To reduce the size of the data set, we can either reduce the number of observations, W; or reduce the number of dimensions, D. For principal component analysis, we try to reduce the dimension of the data set while keeping as much information as possible. In later class, we will discuss how to reduce the number of observations by styling.
If all variations in the original space (with dimension D1) can be captured in the reduced space (with dimension D2 < D1), we then know that the intrinsic dimension of the original data is less than D1.
One drawback: how do we know the dimension(s) with maximum variation(s) captures the characteristic of the data set which we want to keep? For certain types of data such as layered distributed data, the dimension along maximum variation cannot capture the characteristics of the data set.
Our goal is to find a transformation that will make V11 as large as possible in the transformed axis system. Further, we assume that: 1) we only consider the 2nd moments captured by COV, 2) we only consider linear transformation.
For the 2D example, the transformation matrix is represented as:
L = |L11, L12| = |cos(C), sin(C)|
|L21, L22|
|-sin(C), cos(C)|
where C is the axis rotation angle. By trying different values of the
rotation angle, the maximum V11 in the transformed space can be found.
In general, the dimensions (axes) in corresponding to the maximum variances are called principal components of the data set. They can be found through Singular Value Decomposition (SVD).
For the data set S, there are a set of eigen vectors and corresponding set of eigen values. It is approved that all eigen vectors are orthogonal. Each eigen vector defines a new axis, and the corresponding eigen value represents the variance along this axis. By looking at the spectrum of the eigen values, we can find the dominant eigen vectors that capture most of the variations of the data set. Those eigen vectors define a new axis system. Since the eigen vectors are orthogonal, data transformed into this new coordinate system are decoupled.
One drawback: when we have a very large data set, the data set have a lot of eigen values and eigen vectors. It is very time consuming to do the calculations.

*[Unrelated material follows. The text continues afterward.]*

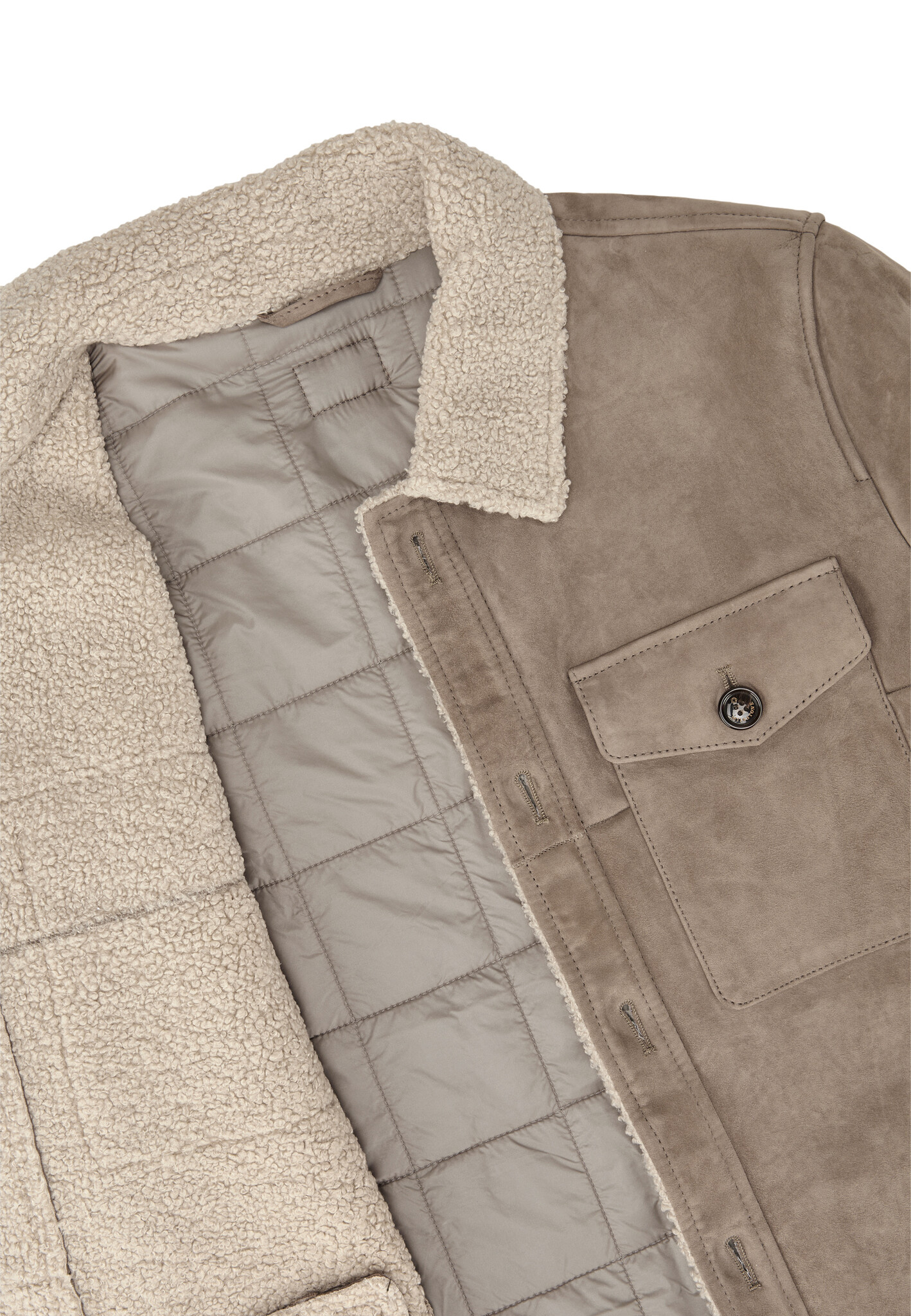 Milestone PalermoJacke Beige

First, configure a three layered neural network with linear mapping among layers. The number of input and output node equal to the number of dimensions of the data set, and the number of hidden units is smaller than the data set dimension.
Second, train the neural network with data set. Use each data observation as both input and output. This is called auto association or self supervised learning.
Third, after the training, hidden units represent reduced dimensions. The weights linking to the hidden units represents the mapping for the original space to the reduced space.
To do non-linear mapping, we need to add two more layers after the input layer and before the output layer. They take care of non-linear mapping from the the input layer and to the output layer.
With enough data, the neural network approach can find the intrinsic dimension of the data set.